Dave LeGarde: Marathon's early days set great precedent
The earliest memory I have of Grandma's Marathon is standing on Superior Street near Fitger's watching Garry Bjorklund float past like he was out for a Sunday stroll. He ran with striking fluidity, his face showing no effects of having just run m...
The earliest memory I have of Grandma's Marathon is standing on Superior Street near Fitger's watching Garry Bjorklund float past like he was out for a Sunday stroll. He ran with striking fluidity, his face showing no effects of having just run more than 23 miles.
It was the peak of an amazing career for the Proctor High School graduate, who also starred at the University of Minnesota and competed in the 1976 Montreal Olympics.
He is among the most decorated distance runners in state history.
Bjorklund won going away that June morning in 1980, easily besting the field of 3,000 for his second Grandma's victory. His time of 2 hours and 10 minutes was among the world's best, and put Duluth on the international map of quality marathons.
The next year, despite some reputable competition, he was again the favorite. Conditions that morning were ideal, as overcast skies, drizzle and temperatures in the low 50s helped make for an unforgettable race.

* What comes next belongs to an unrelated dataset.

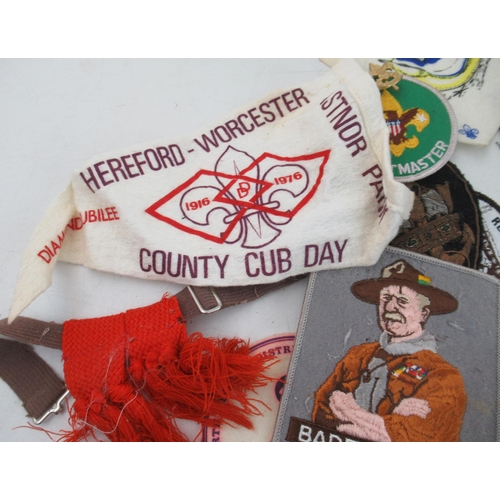 175 - A large collection of vintage Boy Scout embroidered badges, pennants, stick pins, hat badges etc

Matching the defending champ stride for stride that day was Dick Beardsley, who was actually an employee at a running store owned by Bjorklund. The two Minnesotans left everyone in their wake shortly after the gun went off.
Cruising down the North Shore through fog and mist, it was a two-man race for nearly 20 miles. They even shared water and took turns in the lead as they headed for London Road. It looked like the duel would last to the very end.
Bjorklund briefly pushed ahead, only to have his rival throw in a tremendous surge near the Lester River Bridge.
For the remainder of the race, Beardsley went even harder as heavy crowds lined the streets of downtown Duluth to witness the closing miles.
Beardsley's winning time of 2:09:36 remains a course record and is the benchmark most often referred to when the event arrives each year. It is clearly the defining moment in Grandma's Marathon history.
From the top of what was then the railroad overpass on Fifth Avenue West, I had a great vantage point of the action. Several memories come to mind when the local news channels show footage from that morning.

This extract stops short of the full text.